"I would say the faculty of Afro-American studies is completely devoted to the training of students of the undergraduate level, as we have been for years," he said.
The debate over whether Harvard's department is, in Kutzinski's words, too "flashy" has been stirring for years now.
Gates, who arrived at Harvard in 1991, quickly lured big-name academics like K. Anthony Appiah, Cornel R. West '74 and William Julius Wilson to Cambridge.
Gates's own projects--Encyclopedia Africana and a series of television documentaries, have been labeled as self-promoting or trendy by scholars within the field of Afro-American studies.

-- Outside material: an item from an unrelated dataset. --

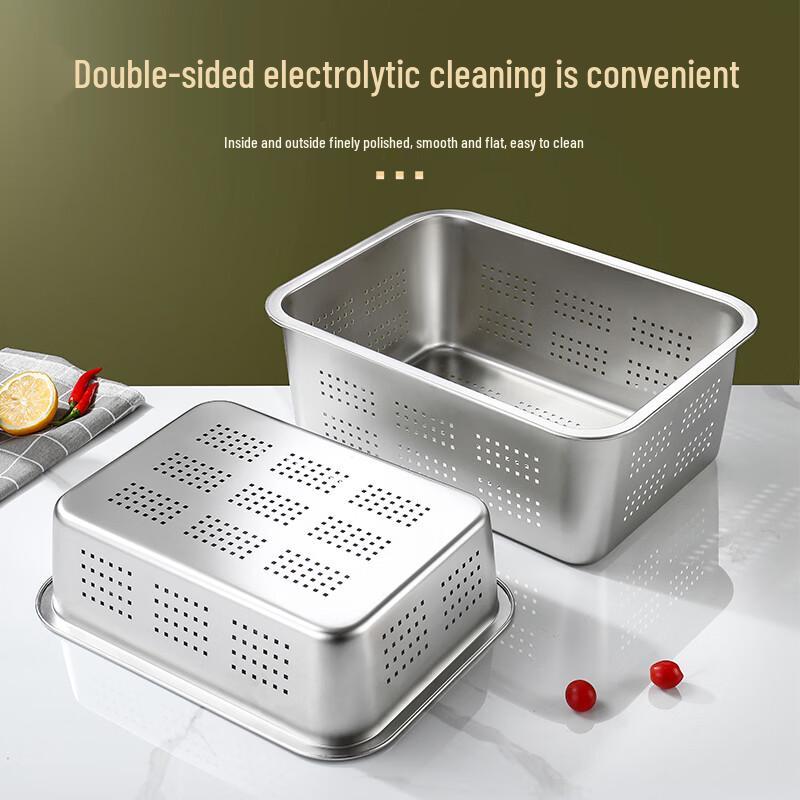 Stainless Steel Perforated Drain Basin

Just last Friday, a group representing the Committee to Eliminate Media Offensive to African People stormed into the Barker Center to protest Gates's PBS series, "Wonders of the African World," calling it Eurocentric.
Robert Stepto, the acting head of the Afro-American studies program at Yale, in an interview with Yale Daily News, called Gates a "saboteur and even a provocateur." Stepto said Gates is still angry that he was once denied tenure at Yale and is trying to diminish the reputation of the Yale program.
"[The rumors] simply go back to the fact that things didn't work out at Yale for [Gates]," Stepto told the Yale newspaper.
Gates strongly denied the charge that he looks down on Yale's program.